Diagnosis Of Heart Disease Using Data mining Algorithm proposed by Rajkumar and Sophia. In this approach the initial diagnosis of a heart attack is made by a combination of clinical symptoms and characteristic electrocardiogram (ECG) changes. The accuracy with this technique is 52.33% . Palaniappan and Awang proposed Intelligent Heart Disease Prediction System Using Data Mining Techniques. This research has developed a prototype Intelligent Heart Disease Prediction System(IHDPS) using data mining techniques, namely, Decision Trees, Nave Bayes and Neural Network. Results show that each technique has its unique strength in realizing the objectives of the defined mining goals.

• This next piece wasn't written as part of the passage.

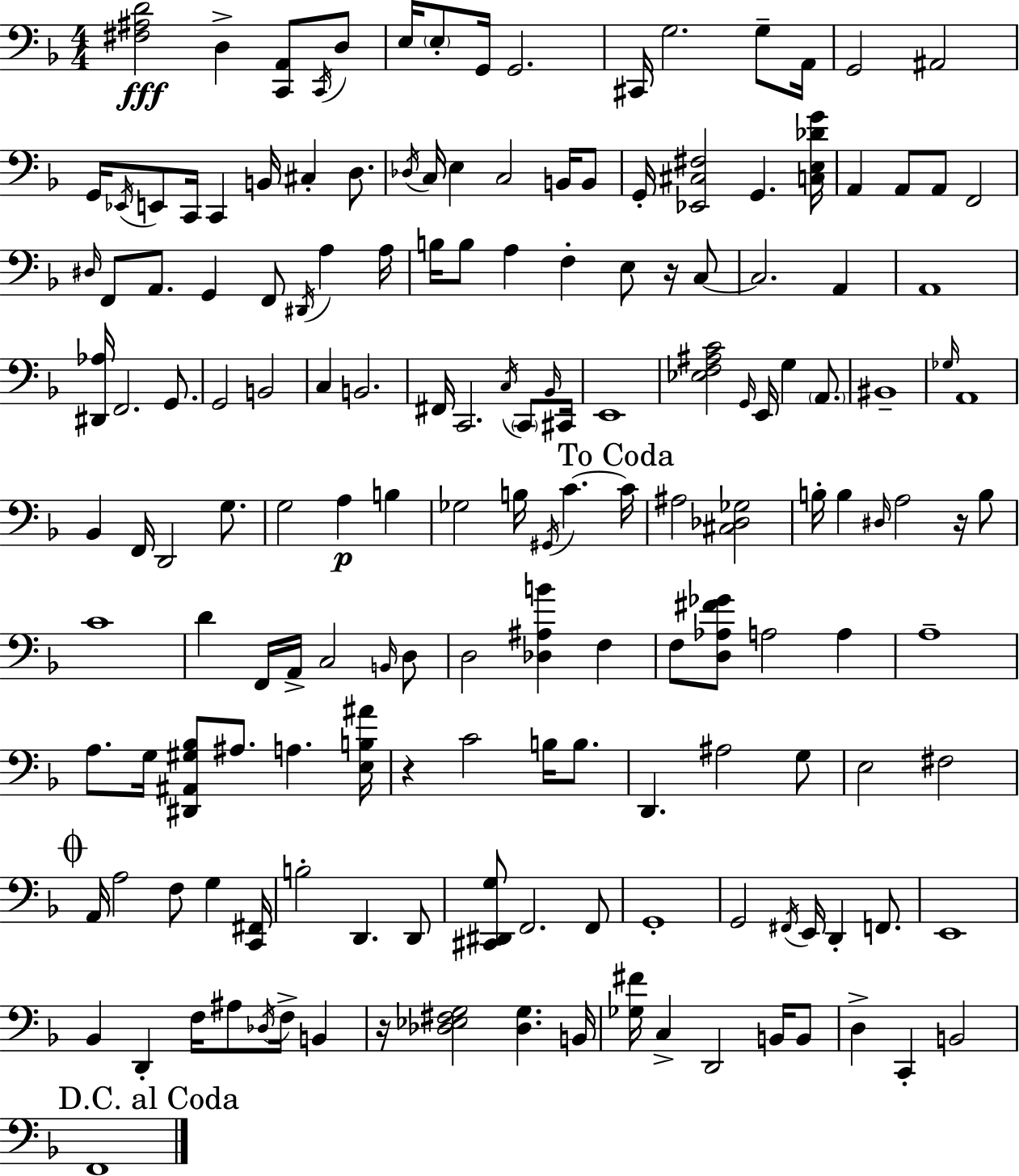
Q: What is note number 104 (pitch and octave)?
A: A#3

The features of the artificial neural network (ANN), high accuracy and learning rate, make it worth trying as an algorithm to the prediction of heart disease . A system for automatic diagnosis of heart diseases using neural network is described by Kumaravel et al. The system uses features extracted from the ECG data of the patients. The system is used for classifying 5 major heart diseases using 38 input variables with an appreciable accuracy level (63.6 - 82.9%) .
Decision support system for heart disease based on support vector machine and artificial neural network is proposed by Gudadhe, Wankhede and Dongre. This paper proposed a decision support system for heart disease classification based on Support Vector Machine and MLP neural network architecture. Support Vector Machine classifies the heart disease data into two classes which shows presence of heart disease or absence of heart disease with 80.41% accuracy. Artificial Neural Network classifies the data into 5 categories of heart disease with 97.5% accuracy. This shows that both the methods gives high accurary to classify the data but Artificial Neural Network classifies the data more accurately as compared to Support Vector Machine .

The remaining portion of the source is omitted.